Colchester United
- Chairman: Bill Allen
- Manager: Jimmy Allen
- Stadium: Layer Road
- Third Division South: 10th
- FA Cup: 3rd round (eliminated by Barnsley)
- Top goalscorer: League: Vic Keeble (16) All: Vic Keeble (17)
- Highest home attendance: 15,175 v Ipswich Town, 1 March 1952
- Lowest home attendance: 6,128 v Watford, 3 May 1952
- Average home league attendance: 9,429
- Biggest win: 4–1 v Bristol City, 20 October 1951; 4–1 v Reading, 3 April 1952
- Biggest defeat: 0–7 v Leyton Orient, 5 January 1952
| Home colours |
- ← 1950–511952–53 →

= 1951–52 Colchester United F.C. season =

The 1951–52 season was Colchester United's tenth season in their history and their second season in the Third Division South, the third tier of English football.

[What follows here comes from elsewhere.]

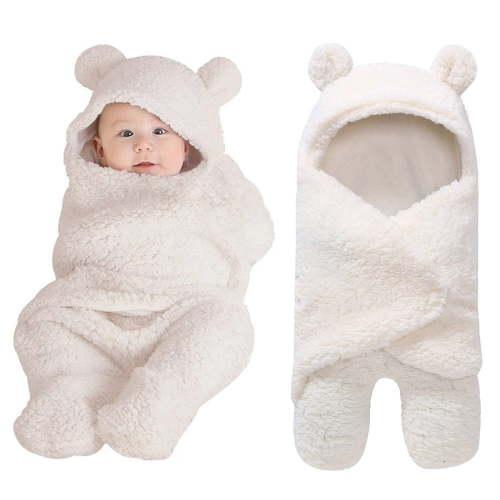 Deyared Newborn Infant Baby Boys Girls Swaddle Sleeping Wrap Blanket Photography Prop on Clearance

Alongside competing in the Third Division South, the club also participated in the FA Cup. Colchester reached the third round of the FA Cup before being knocked out by Second Division side Barnsley. In the league, they bettered the previous season's 16th-placed finish by finishing 10th.

==Season overview==
Colchester's 1951–52 season began poorly, with six defeats in the opening seven games due to an injury-ravaged squad. Rooted to the foot of the table, a mid-season revival including a double over local rivals Ipswich Town eventually saw the U's finish the season 10th in the final standings.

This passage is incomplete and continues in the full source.